Imlog[(1+x)/(1-x)] = arg [(1+x)/(1-x)] where x: complex number

How is this true? Is it always applicable no matter what form of complex function is under calculation?

Thank you.

2. Oct 6, 2013

3. Oct 9, 2013

### M. next

Yes, indeed. Excuse me for the late reply.

4. Oct 9, 2013

### Simon Bridge

Note, a complex number z can always be written in the form z=a+ib: a,b are real.

5. Oct 9, 2013

Yes?

6. Oct 9, 2013

### Office_Shredder

Staff Emeritus
If I ask you for the imaginary part of log(z) can you tell me what it is?

From there it should be fairly obvious what the imaginary part of log(f(z)) is in terms of f(z).

7. Oct 9, 2013

### HallsofIvy

Staff Emeritus
I don't see that the "(1+ x)/(1- x)" is really relevant. If z is any complex number, $z= re^{i\theta}$ where "$\theta$" is the "argument" of z. Then $log(z)= log(re^{ix\theta})= log(r)+ i \theta$. That is, $Im(log(z))= \theta$, the argument of z.

8. Oct 9, 2013

### Simon Bridge

So... you can now answer your own questions...

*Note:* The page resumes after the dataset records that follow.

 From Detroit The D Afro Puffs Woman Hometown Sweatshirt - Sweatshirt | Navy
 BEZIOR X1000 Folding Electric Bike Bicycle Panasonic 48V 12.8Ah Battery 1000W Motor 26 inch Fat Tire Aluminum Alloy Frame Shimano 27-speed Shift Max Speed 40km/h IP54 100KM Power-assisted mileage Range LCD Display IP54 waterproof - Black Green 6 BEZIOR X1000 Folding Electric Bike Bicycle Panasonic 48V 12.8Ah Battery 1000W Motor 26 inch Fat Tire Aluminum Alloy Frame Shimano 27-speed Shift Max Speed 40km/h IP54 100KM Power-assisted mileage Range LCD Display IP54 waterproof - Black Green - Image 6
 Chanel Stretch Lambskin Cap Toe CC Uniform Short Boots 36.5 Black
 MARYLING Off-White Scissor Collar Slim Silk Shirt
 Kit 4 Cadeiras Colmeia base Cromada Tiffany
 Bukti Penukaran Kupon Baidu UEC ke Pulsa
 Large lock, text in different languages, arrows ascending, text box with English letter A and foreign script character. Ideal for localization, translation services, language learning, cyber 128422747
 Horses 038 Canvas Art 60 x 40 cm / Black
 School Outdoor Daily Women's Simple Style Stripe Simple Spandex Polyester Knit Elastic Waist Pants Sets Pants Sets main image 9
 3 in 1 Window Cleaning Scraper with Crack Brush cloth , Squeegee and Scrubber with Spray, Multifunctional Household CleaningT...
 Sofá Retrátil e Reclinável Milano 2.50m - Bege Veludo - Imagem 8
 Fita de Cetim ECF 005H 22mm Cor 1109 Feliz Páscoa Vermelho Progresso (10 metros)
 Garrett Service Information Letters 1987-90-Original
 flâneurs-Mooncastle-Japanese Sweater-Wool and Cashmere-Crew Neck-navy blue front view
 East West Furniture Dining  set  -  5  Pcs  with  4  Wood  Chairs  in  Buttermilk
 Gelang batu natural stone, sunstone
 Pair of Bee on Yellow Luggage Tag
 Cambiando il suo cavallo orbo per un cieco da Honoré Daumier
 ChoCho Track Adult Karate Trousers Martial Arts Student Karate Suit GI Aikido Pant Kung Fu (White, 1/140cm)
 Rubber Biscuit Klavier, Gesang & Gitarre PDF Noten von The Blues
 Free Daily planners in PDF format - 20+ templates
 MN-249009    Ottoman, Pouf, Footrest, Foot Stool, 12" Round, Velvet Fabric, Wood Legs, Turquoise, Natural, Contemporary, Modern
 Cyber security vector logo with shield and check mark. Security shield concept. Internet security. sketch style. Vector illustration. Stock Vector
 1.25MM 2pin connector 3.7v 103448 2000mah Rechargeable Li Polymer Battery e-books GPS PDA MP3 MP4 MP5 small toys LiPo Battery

... you want to know if $\Im\big[ \log[f(a+ib)]\big]=f(a+ib)$ for any function f of complex number x=a+ib: a,b, real.

So do the math.
It's actually easier in polar form ... put $x=Re^{i\theta}$
Work it out for your problem first.

Last edited: Oct 9, 2013
9. Oct 10, 2013

### M. next

Okay, I understood it now. Great thanks.